» Exercise goal
Exact copies of the lines below, from the one with "Discos Lija Con" up to and including the one with "Lavalen Leather Purses", are what this calls for; leave out pictures.

» Information provided
-*-*-

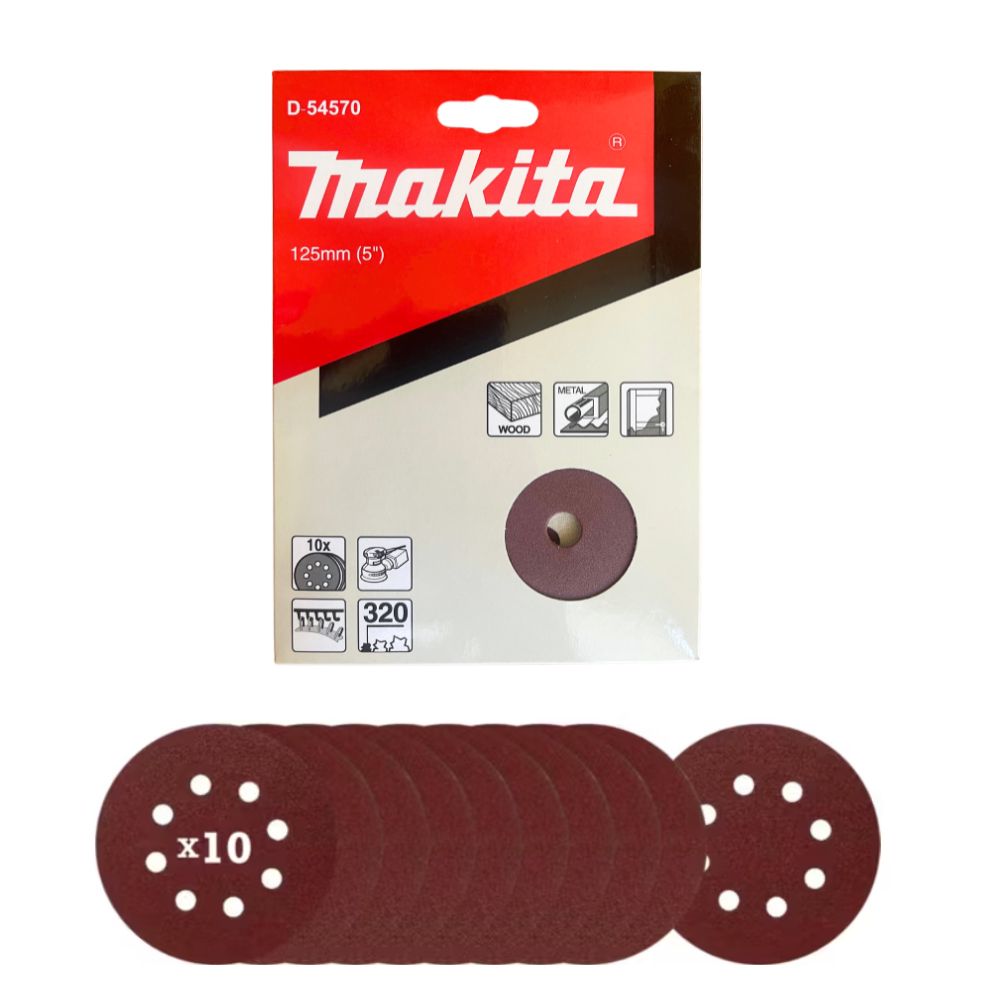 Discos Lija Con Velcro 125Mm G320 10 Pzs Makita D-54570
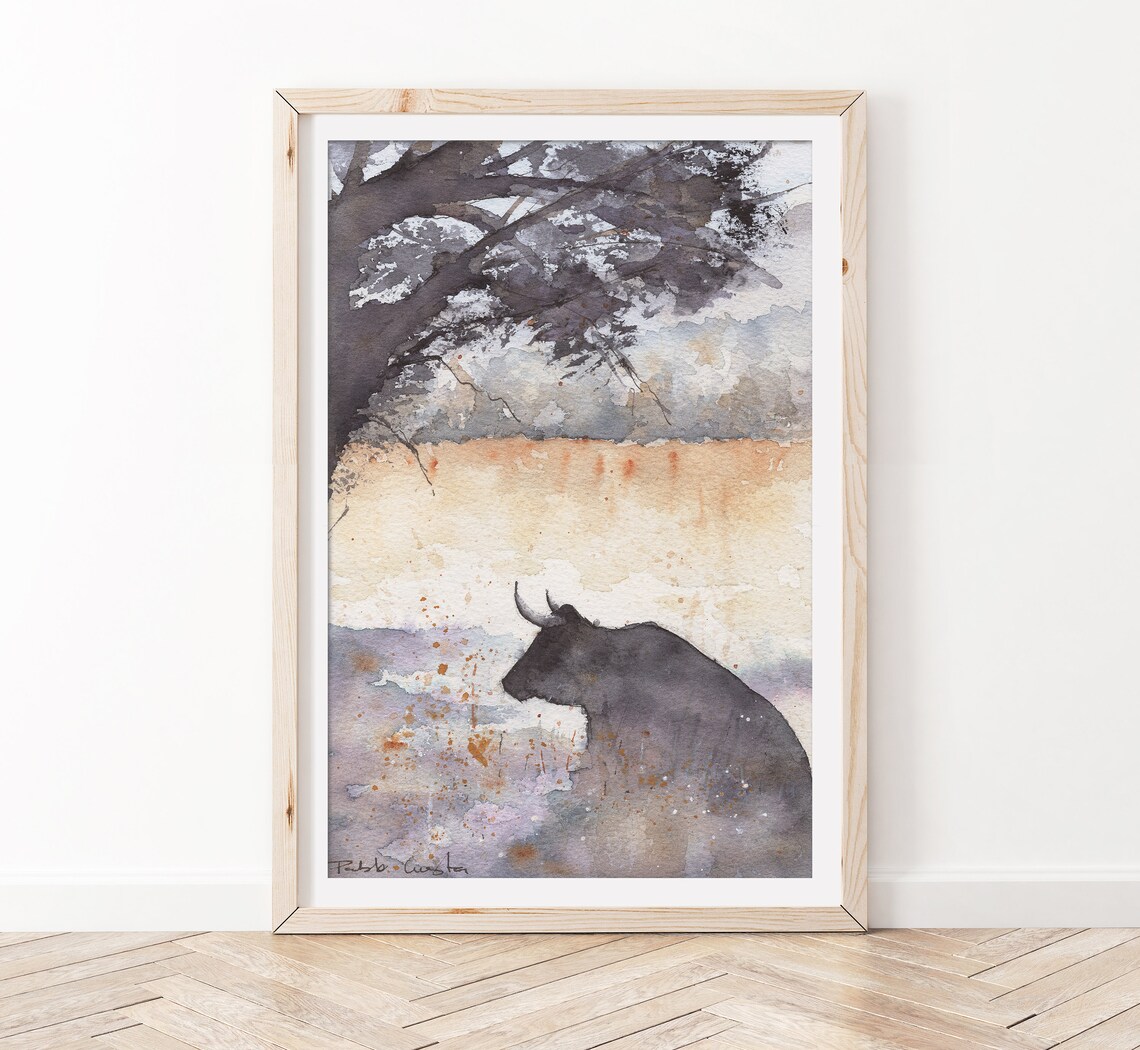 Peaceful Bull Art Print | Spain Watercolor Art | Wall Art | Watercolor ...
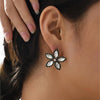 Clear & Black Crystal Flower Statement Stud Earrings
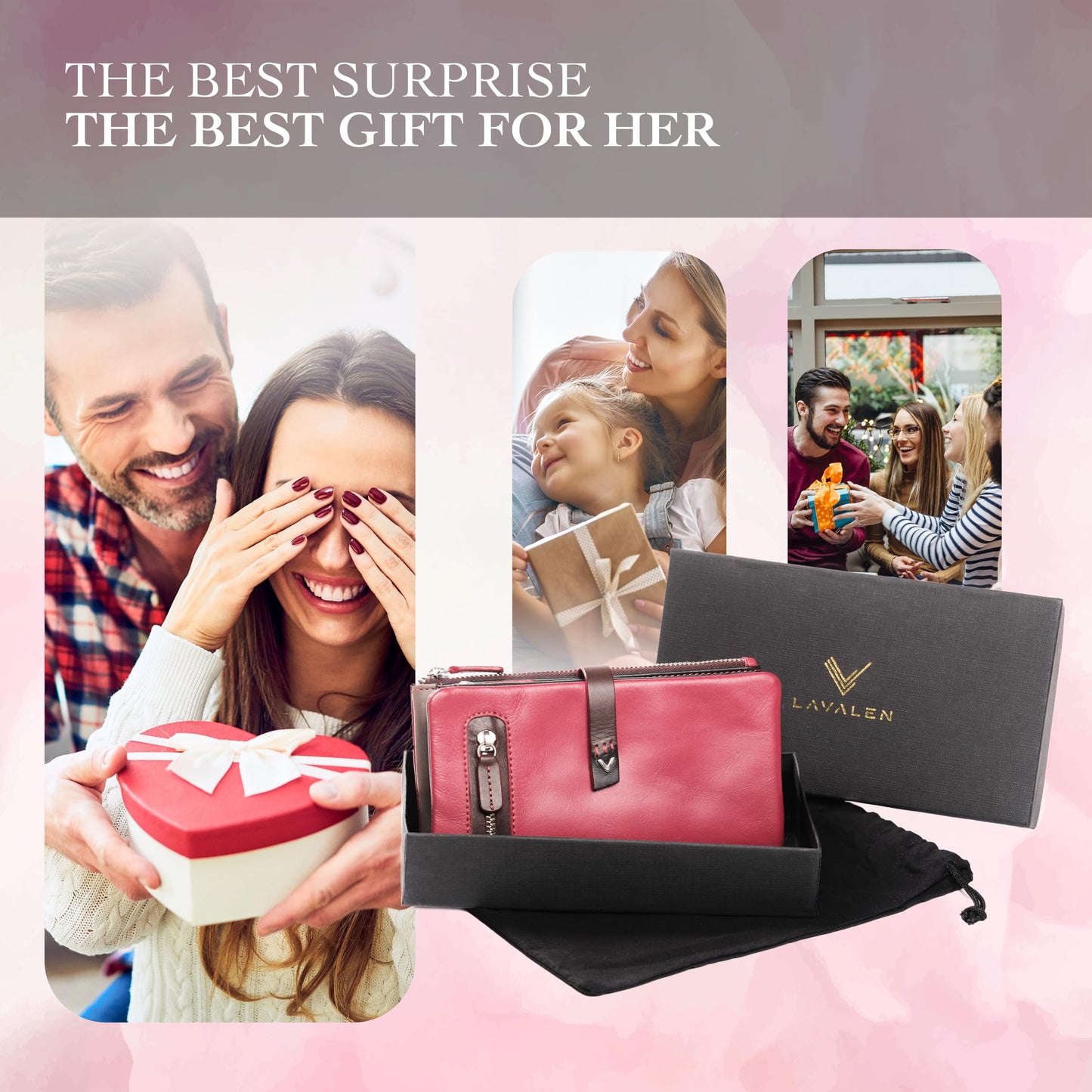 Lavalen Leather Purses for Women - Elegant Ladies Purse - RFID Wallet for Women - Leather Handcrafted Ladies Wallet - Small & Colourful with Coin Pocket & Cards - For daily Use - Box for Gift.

-*-*-

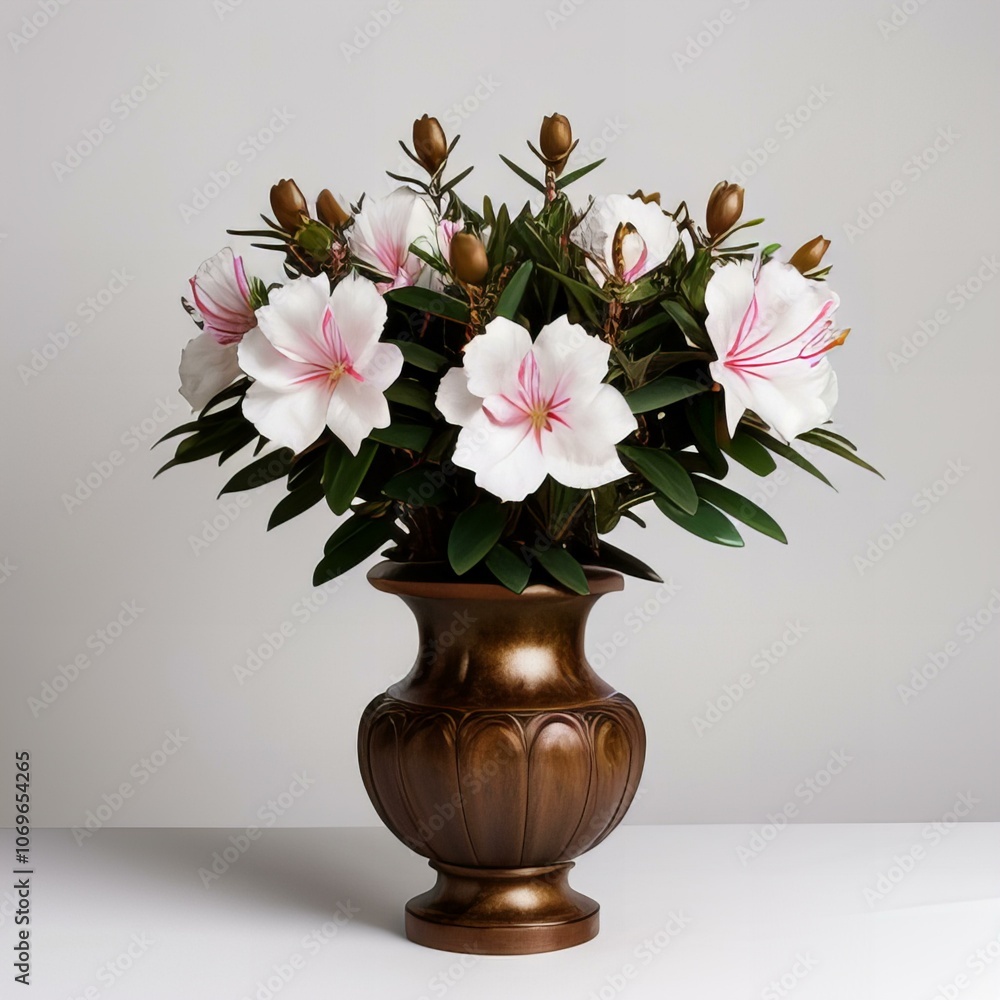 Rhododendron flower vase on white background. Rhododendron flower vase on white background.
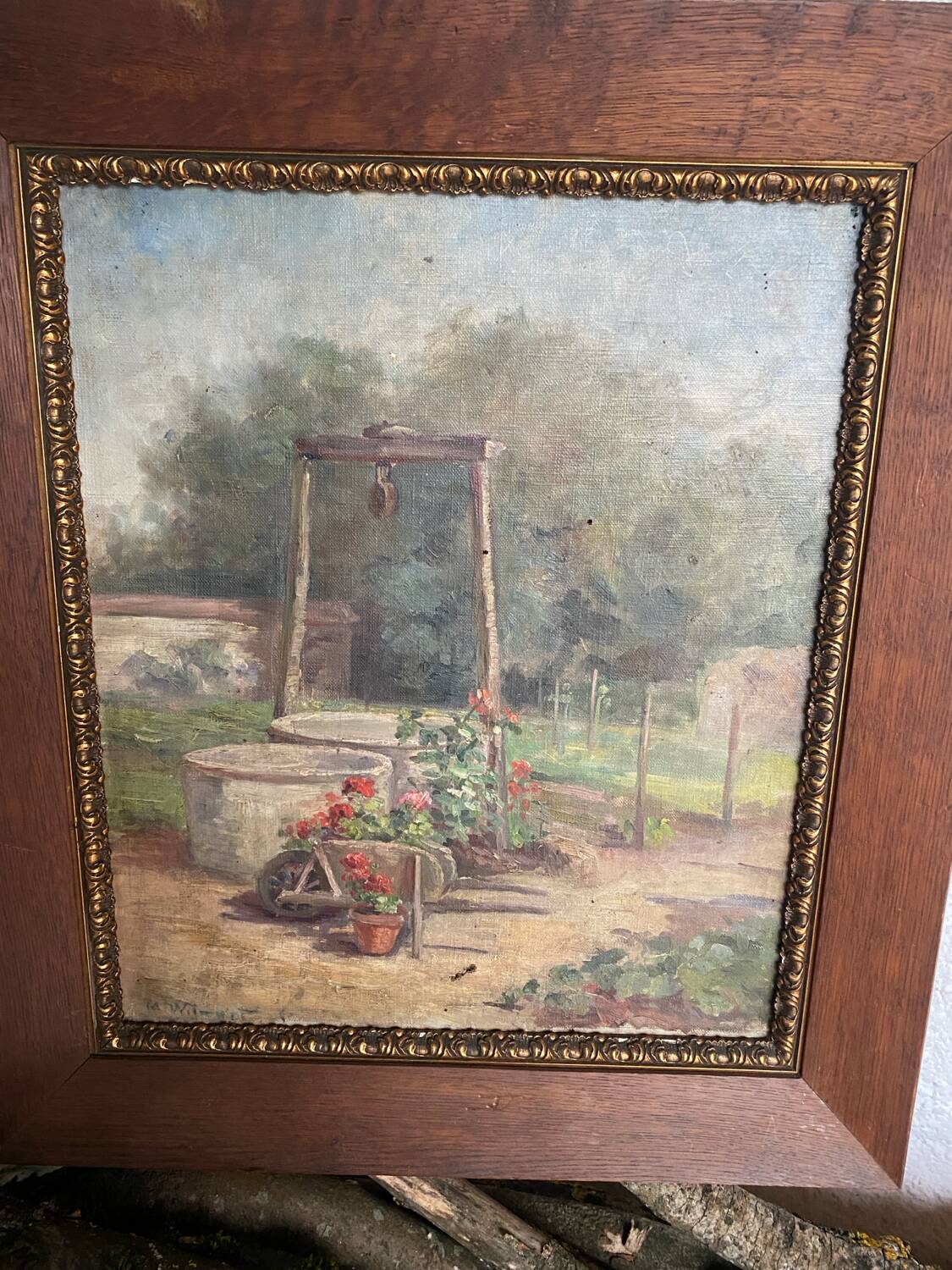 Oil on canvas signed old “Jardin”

-*-*-

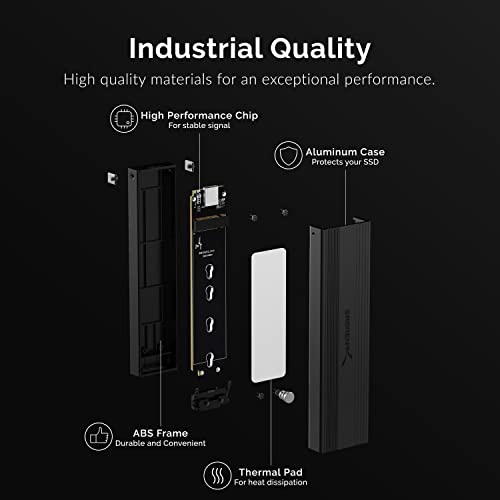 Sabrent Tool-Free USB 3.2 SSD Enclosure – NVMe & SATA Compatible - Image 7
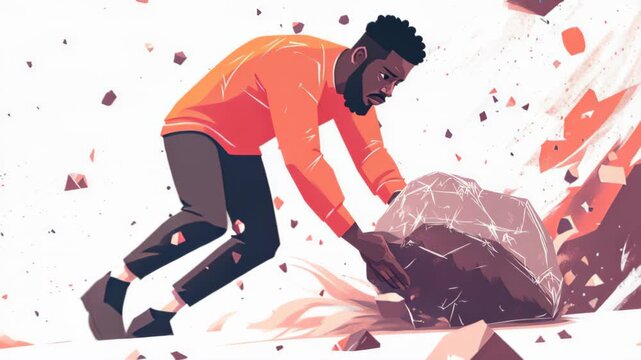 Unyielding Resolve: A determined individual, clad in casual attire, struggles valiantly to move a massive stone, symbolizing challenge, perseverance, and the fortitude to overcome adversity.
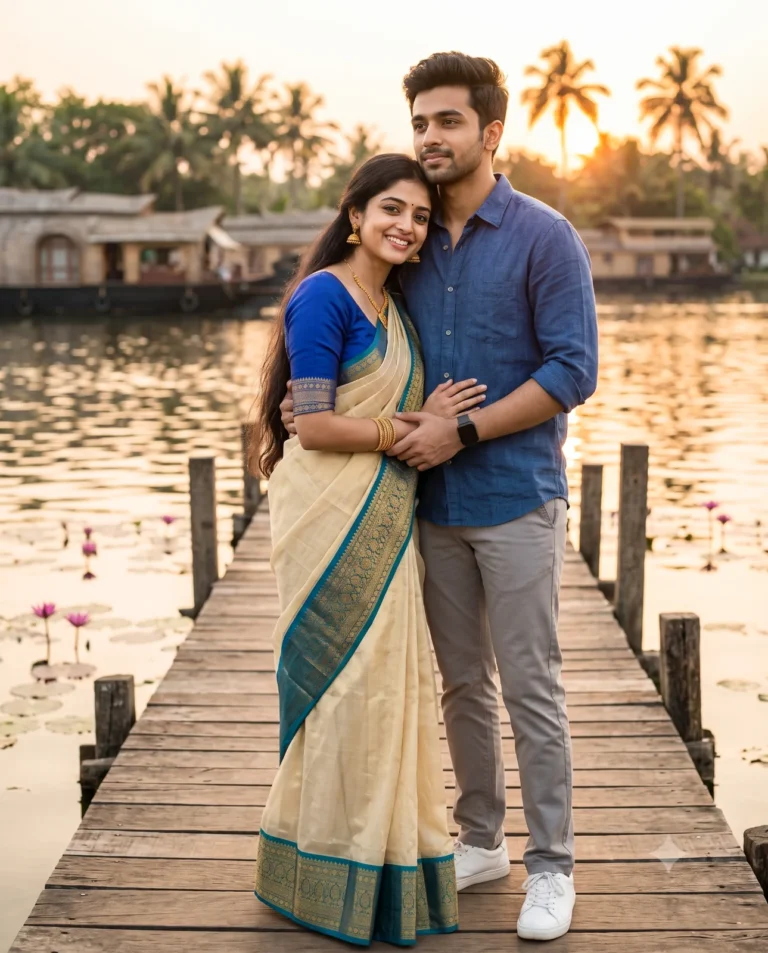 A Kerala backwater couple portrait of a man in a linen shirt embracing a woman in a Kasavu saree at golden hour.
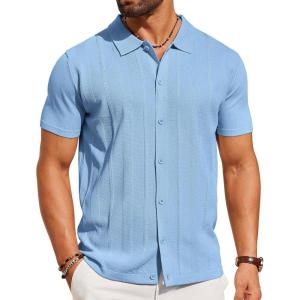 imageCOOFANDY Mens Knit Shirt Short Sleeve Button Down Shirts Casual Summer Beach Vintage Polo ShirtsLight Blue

-*-*-

» Problem solution
 Discos Lija Con Velcro 125Mm G320 10 Pzs Makita D-54570
 Peaceful Bull Art Print | Spain Watercolor Art | Wall Art | Watercolor ...
 Clear & Black Crystal Flower Statement Stud Earrings
 Lavalen Leather Purses for Women - Elegant Ladies Purse - RFID Wallet for Women - Leather Handcrafted Ladies Wallet - Small & Colourful with Coin Pocket & Cards - For daily Use - Box for Gift.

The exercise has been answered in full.